Case commentators have questioned the legitimacy of that seizure, carried out by officials in one state pursuant to their cited powers under the long-established American legal doctrine of civil asset forfeiture.
Understandably, critics have zeroed in on proportionality in their lambasting of a law that permits the confiscation of property valued far in excess of dollar amounts tied to an attendant criminal offense. In the above matter, the convicted offender was forced to surrender an asset worth more than 100 times the amount involved in his conceded minor drug transaction.
That raises a fundamental fairness issue, which was squarely spotlighted by a majority of U.S. Supreme Court justices in recent oral arguments involving the heroin/Land Rover Case. The nation’s highest judicial tribunal will ultimately issue a definitive ruling in the matter, determining whether the state taking was constitutionally permissible or, rather, a grossly disproportionate punishment.
Some comments from the court during attorney arguments pointed clearly toward a disinclination to broadly favor the doctrine. We noted in our December 19 blog post at Frank, Juengel & Radefeld that asset forfeiture unsurprisingly “is and always has been controversial across the country.”

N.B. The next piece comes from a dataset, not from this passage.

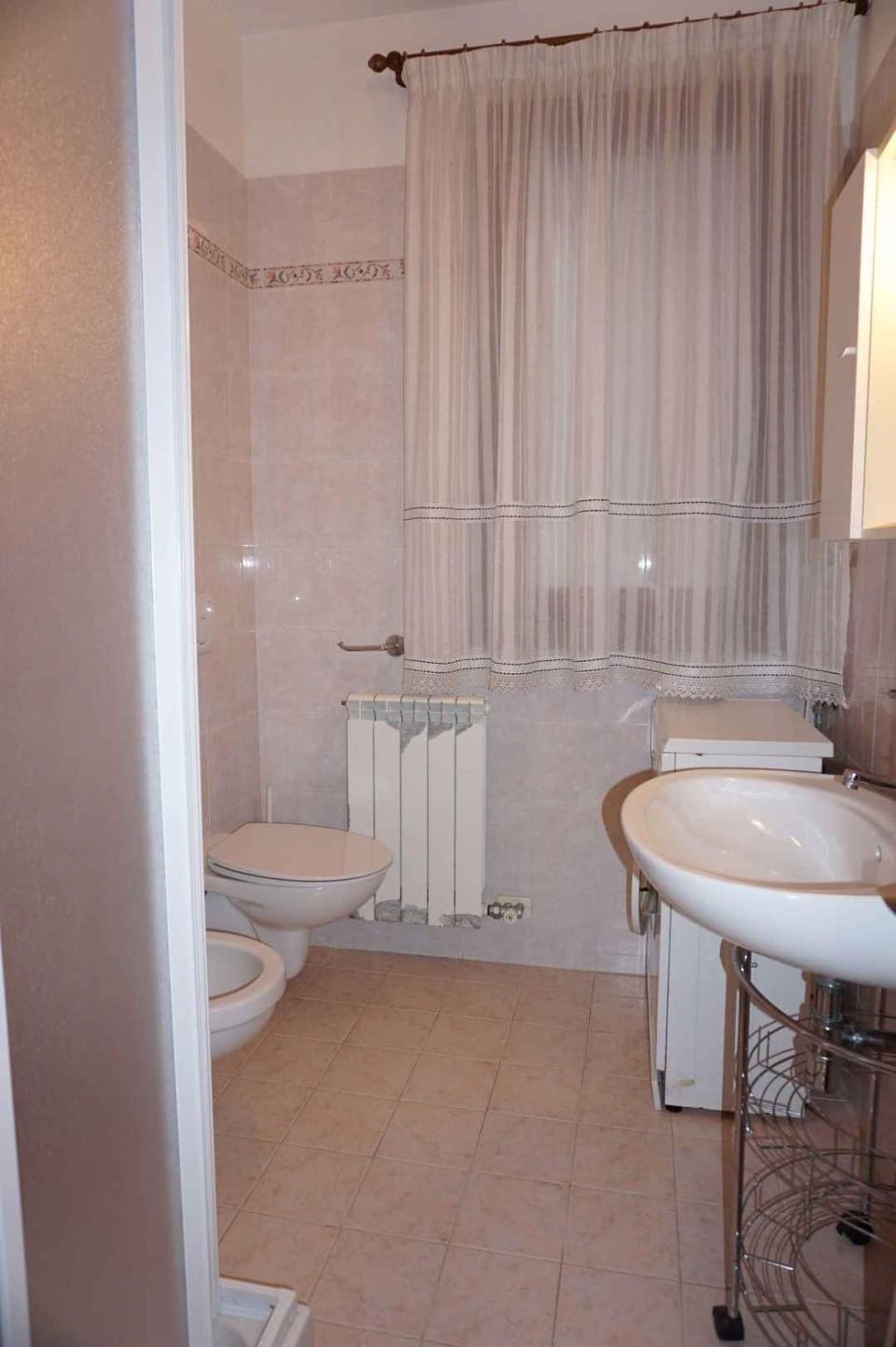 Bathroom, washing machine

Chief Justice John Roberts noted, for instance, a “well-established” distinction between authorities confiscating assets directly tied to criminal behavior and the taking of high-value property not clearly linked with wrongdoing.
The court’s decision on asset forfeiture will obviously be important, as are all its rulings. We will timely pass along the outcome and key details to readers as soon as they are announced.